**Available data:**
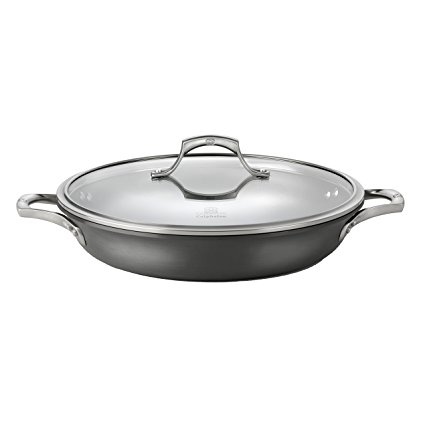 Calphalon Unison Nonstick, Everyday Pan, 12-inch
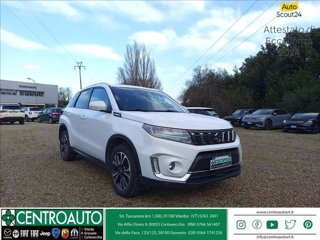 SUZUKI Vitara 1.4h Easy Cool 4wd allgrip 0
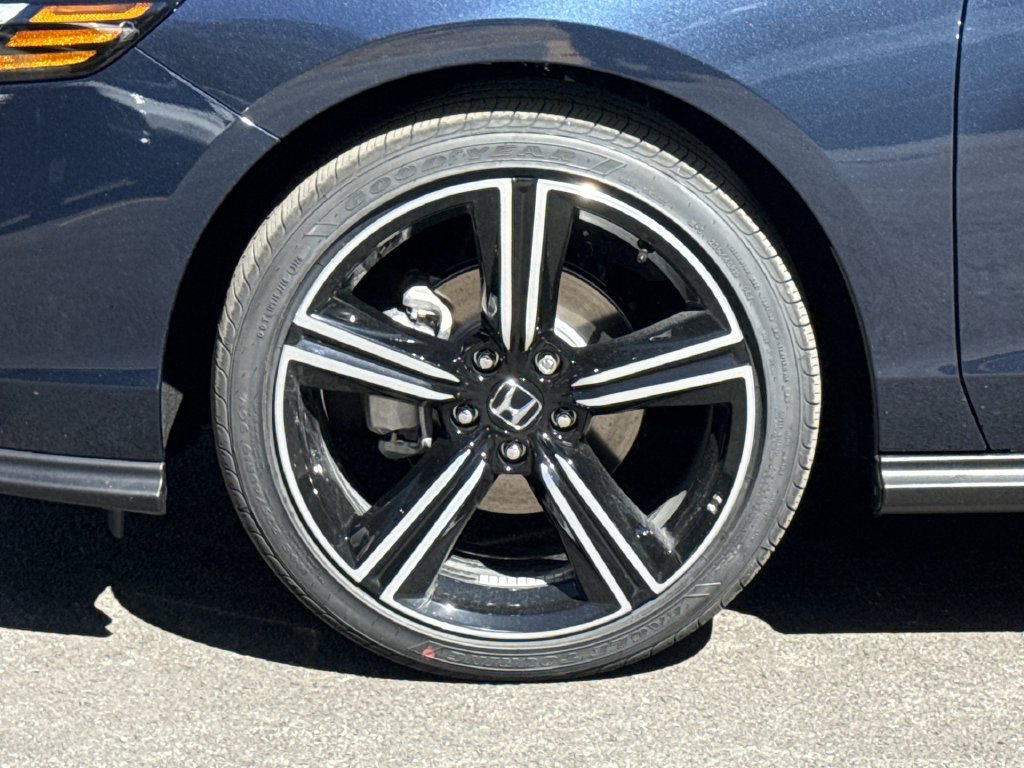New 2026 Honda Accord SE image 19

**Task instructions:** Would you please copy the listing exactly, omitting every picture?

**Finished exercise:**
 Calphalon Unison Nonstick, Everyday Pan, 12-inch
 SUZUKI Vitara 1.4h Easy Cool 4wd allgrip 0
New 2026 Honda Accord SE image 19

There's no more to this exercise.